- [TASK DESCRIPTION]: Beneath this task are records; print exactly the stretch of them from the line with "Bezohledná kampaň prezidenta" through the line with "A pair of elegant", both ends included.

- [INFORMATION SUPPLIED]:

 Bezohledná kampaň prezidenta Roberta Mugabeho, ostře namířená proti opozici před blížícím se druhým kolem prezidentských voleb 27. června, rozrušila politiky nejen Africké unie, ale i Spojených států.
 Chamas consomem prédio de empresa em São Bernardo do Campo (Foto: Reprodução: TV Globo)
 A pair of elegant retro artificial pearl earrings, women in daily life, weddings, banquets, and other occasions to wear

* * *

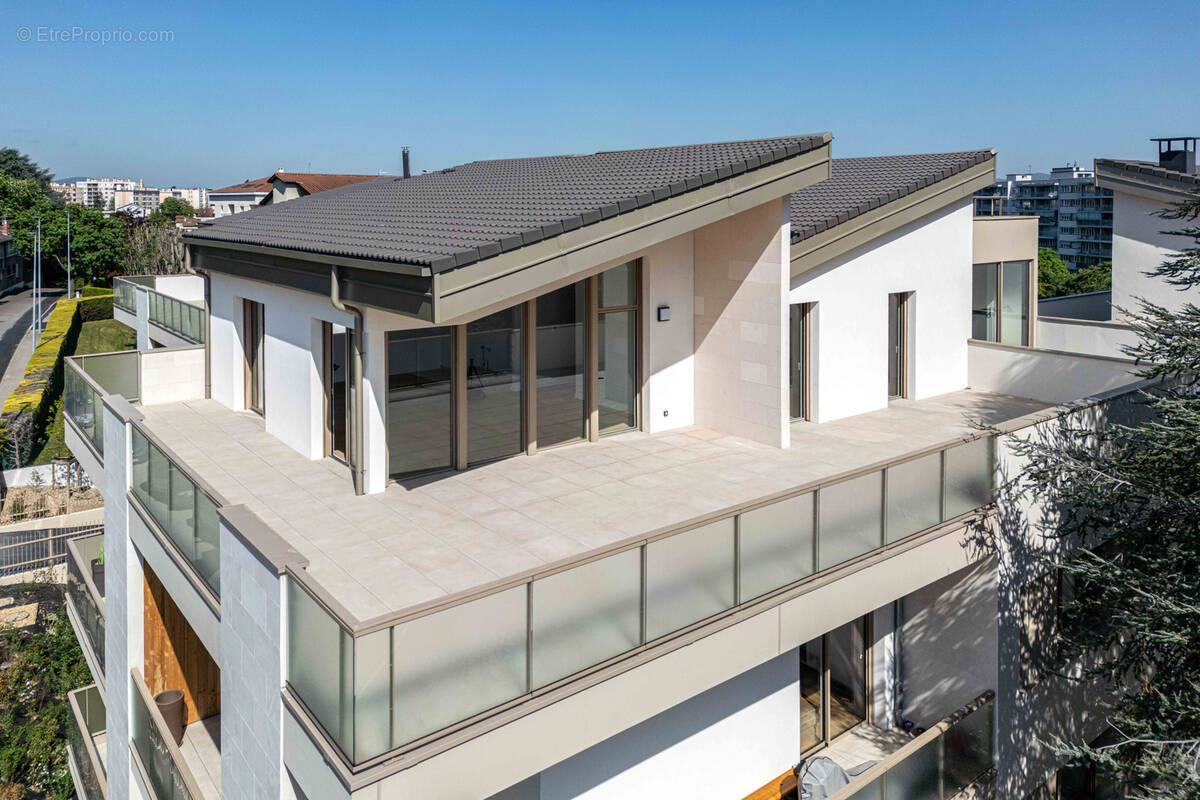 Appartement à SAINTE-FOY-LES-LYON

* * *

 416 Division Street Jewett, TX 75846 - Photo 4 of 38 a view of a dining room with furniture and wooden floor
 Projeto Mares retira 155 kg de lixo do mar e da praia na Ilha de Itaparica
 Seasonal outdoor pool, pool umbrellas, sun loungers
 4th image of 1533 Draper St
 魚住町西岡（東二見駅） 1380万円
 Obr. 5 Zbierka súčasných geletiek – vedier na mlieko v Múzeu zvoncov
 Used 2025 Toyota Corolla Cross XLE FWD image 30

- [WORKED SOLUTION]:
 Bezohledná kampaň prezidenta Roberta Mugabeho, ostře namířená proti opozici před blížícím se druhým kolem prezidentských voleb 27. června, rozrušila politiky nejen Africké unie, ale i Spojených států.
 Chamas consomem prédio de empresa em São Bernardo do Campo (Foto: Reprodução: TV Globo)
 A pair of elegant retro artificial pearl earrings, women in daily life, weddings, banquets, and other occasions to wear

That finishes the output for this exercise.